■ **YOUR TASK**: Each line in the material below, starting at the one with "Câmara Municipal de" and ending at the one with "Used Wuling Hongguang", is to be reproduced exactly; no picture is to be copied.

■ **SUPPLIED RECORDS**:
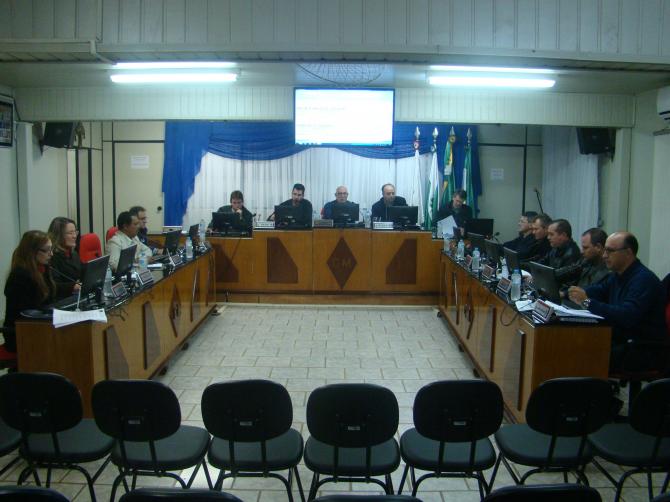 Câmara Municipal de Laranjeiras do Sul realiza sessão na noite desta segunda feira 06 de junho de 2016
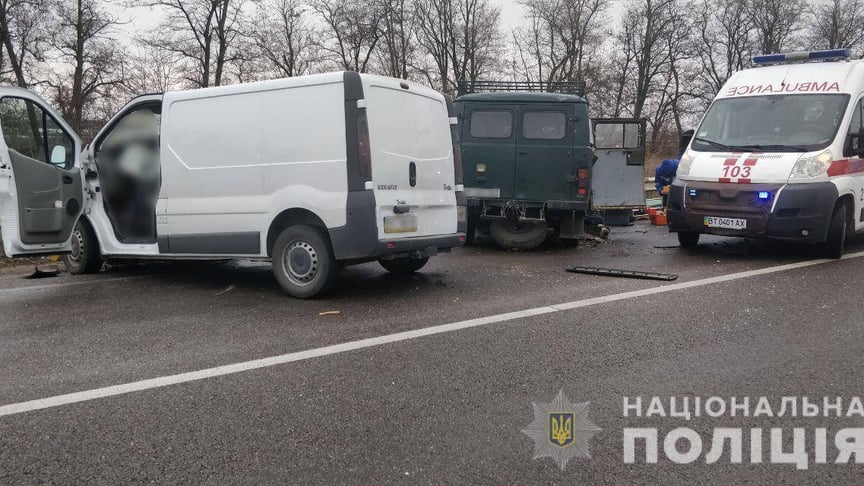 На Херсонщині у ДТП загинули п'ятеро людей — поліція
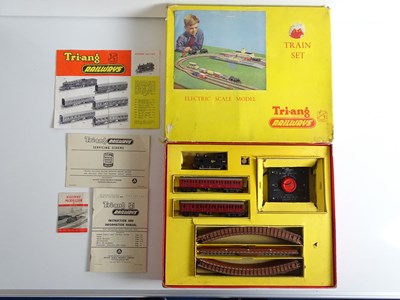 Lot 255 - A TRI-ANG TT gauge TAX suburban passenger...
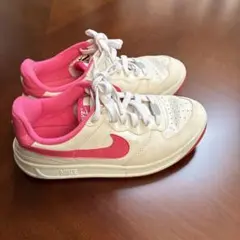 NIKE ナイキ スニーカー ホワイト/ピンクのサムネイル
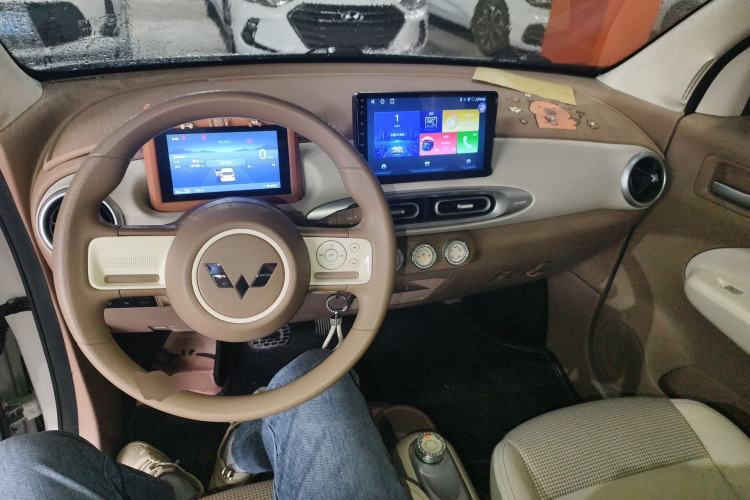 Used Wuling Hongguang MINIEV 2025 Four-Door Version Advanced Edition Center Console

--

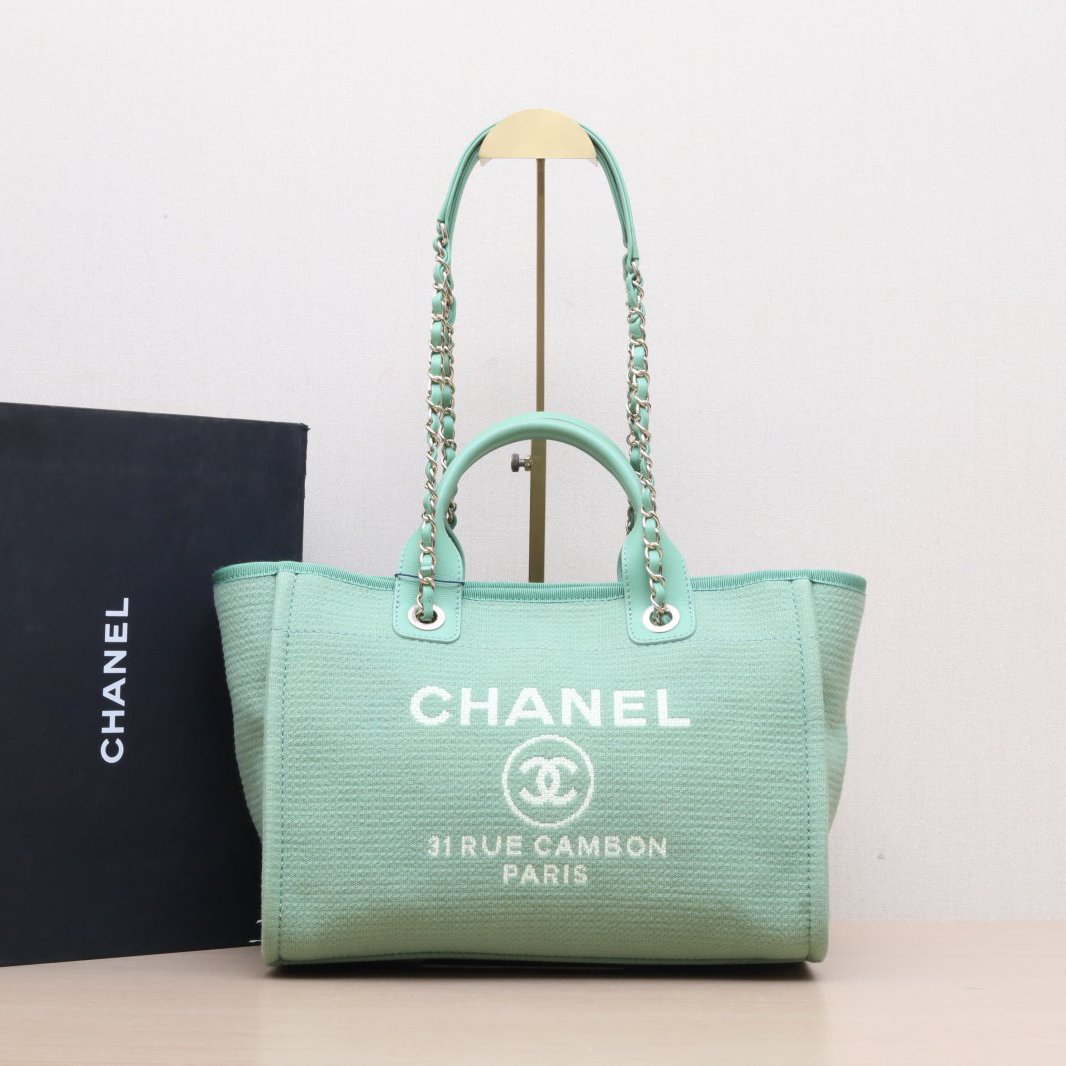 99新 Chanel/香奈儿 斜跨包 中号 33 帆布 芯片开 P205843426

---

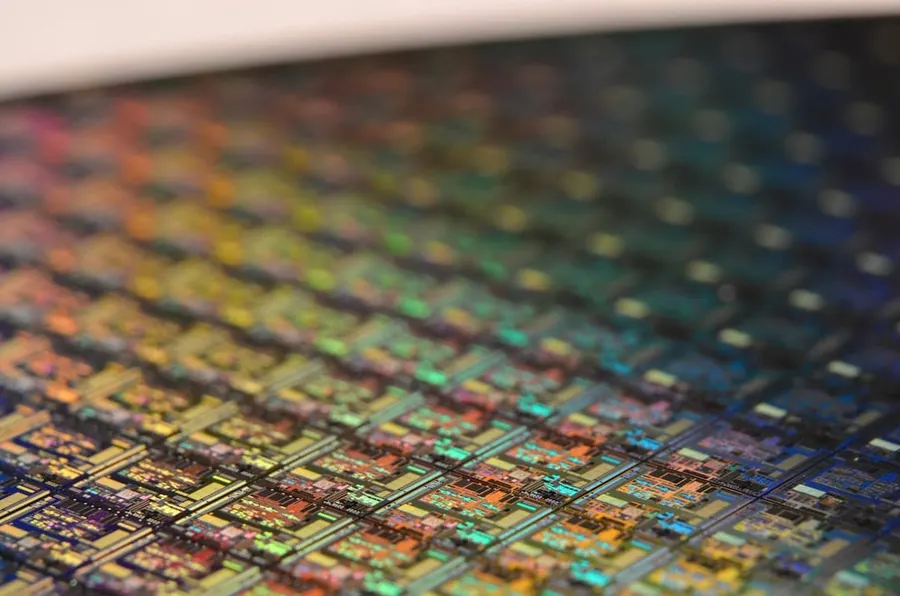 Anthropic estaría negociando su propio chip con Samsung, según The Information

■ **RESULT**:
 Câmara Municipal de Laranjeiras do Sul realiza sessão na noite desta segunda feira 06 de junho de 2016
 На Херсонщині у ДТП загинули п'ятеро людей — поліція
 Lot 255 - A TRI-ANG TT gauge TAX suburban passenger...
 NIKE ナイキ スニーカー ホワイト/ピンクのサムネイル
 Used Wuling Hongguang MINIEV 2025 Four-Door Version Advanced Edition Center Console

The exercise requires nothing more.